→ **TASK REQUIREMENTS**
The material below contains a line with "Riders lined up" and a line with "Blu Hardy inside". Copy exactly those two lines and all lines between them.

→ **SOURCE DATA**
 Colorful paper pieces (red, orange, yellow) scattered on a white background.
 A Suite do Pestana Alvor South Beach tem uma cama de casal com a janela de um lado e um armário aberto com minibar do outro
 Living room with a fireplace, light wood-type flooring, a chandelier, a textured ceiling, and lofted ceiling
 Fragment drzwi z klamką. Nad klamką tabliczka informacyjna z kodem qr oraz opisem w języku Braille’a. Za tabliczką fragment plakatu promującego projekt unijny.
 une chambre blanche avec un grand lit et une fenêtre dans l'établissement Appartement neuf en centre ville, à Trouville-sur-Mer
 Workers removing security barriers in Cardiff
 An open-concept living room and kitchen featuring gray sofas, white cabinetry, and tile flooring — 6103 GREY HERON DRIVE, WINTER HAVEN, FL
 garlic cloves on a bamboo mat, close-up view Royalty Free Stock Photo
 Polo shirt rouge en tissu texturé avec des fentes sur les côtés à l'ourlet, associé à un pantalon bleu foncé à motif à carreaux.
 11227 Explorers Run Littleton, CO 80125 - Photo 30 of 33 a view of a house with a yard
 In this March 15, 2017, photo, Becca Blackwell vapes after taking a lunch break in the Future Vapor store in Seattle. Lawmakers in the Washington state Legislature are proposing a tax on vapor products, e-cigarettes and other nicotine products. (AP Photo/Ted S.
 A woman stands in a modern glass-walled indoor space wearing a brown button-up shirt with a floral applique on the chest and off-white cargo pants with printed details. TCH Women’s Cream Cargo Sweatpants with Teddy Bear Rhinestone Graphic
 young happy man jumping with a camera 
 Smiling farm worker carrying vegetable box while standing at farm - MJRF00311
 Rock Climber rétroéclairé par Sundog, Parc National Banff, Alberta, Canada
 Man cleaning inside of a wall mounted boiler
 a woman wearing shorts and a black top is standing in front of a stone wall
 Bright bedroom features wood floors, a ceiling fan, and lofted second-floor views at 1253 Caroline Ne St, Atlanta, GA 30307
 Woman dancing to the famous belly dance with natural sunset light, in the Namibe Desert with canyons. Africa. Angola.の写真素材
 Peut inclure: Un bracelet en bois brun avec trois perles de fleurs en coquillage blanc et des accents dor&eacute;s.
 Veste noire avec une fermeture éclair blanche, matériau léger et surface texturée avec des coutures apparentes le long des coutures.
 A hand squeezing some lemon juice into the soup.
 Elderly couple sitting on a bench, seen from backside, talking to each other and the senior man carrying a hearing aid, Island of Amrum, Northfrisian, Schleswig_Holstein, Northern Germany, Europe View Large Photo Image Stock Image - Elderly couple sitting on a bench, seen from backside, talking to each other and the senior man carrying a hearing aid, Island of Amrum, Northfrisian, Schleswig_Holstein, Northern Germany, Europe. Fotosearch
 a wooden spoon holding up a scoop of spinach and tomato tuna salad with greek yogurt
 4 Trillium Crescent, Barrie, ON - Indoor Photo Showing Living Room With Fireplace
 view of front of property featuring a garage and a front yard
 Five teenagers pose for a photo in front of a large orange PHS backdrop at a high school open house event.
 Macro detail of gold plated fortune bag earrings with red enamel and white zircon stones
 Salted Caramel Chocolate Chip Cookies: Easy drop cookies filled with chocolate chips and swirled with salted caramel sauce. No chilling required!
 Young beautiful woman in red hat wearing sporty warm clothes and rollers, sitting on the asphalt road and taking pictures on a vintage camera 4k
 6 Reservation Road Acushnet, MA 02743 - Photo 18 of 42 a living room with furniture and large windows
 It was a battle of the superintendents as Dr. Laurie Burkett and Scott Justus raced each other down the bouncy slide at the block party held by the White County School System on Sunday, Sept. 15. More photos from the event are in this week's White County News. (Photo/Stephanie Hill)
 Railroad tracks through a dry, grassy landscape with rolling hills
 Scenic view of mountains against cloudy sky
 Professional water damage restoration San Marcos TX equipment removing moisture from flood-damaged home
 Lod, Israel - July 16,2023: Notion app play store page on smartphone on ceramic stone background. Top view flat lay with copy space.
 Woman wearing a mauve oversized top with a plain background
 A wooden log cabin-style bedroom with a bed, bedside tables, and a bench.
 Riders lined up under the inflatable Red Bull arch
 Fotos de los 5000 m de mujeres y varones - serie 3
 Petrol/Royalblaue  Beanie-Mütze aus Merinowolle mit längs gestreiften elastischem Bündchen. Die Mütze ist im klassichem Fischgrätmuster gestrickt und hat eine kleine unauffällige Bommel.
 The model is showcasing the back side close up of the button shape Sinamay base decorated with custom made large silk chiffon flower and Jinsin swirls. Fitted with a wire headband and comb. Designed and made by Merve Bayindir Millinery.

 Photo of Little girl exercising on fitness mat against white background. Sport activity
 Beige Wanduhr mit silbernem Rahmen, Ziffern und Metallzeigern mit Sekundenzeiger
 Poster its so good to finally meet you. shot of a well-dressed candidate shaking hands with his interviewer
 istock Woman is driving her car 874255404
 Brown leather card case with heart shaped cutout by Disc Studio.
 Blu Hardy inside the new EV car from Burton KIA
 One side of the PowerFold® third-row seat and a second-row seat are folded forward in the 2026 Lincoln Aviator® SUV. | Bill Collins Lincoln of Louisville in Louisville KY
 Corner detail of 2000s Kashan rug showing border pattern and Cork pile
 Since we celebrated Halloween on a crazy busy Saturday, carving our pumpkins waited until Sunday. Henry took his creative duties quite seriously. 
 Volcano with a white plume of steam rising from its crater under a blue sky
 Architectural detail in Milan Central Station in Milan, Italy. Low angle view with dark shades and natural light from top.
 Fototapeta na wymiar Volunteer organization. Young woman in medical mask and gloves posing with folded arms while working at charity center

→ **RESULT FOR THIS TASK**
 Riders lined up under the inflatable Red Bull arch
 Fotos de los 5000 m de mujeres y varones - serie 3
 Petrol/Royalblaue  Beanie-Mütze aus Merinowolle mit längs gestreiften elastischem Bündchen. Die Mütze ist im klassichem Fischgrätmuster gestrickt und hat eine kleine unauffällige Bommel.
 The model is showcasing the back side close up of the button shape Sinamay base decorated with custom made large silk chiffon flower and Jinsin swirls. Fitted with a wire headband and comb. Designed and made by Merve Bayindir Millinery.

 Photo of Little girl exercising on fitness mat against white background. Sport activity
 Beige Wanduhr mit silbernem Rahmen, Ziffern und Metallzeigern mit Sekundenzeiger
 Poster its so good to finally meet you. shot of a well-dressed candidate shaking hands with his interviewer
 istock Woman is driving her car 874255404
 Brown leather card case with heart shaped cutout by Disc Studio.
 Blu Hardy inside the new EV car from Burton KIA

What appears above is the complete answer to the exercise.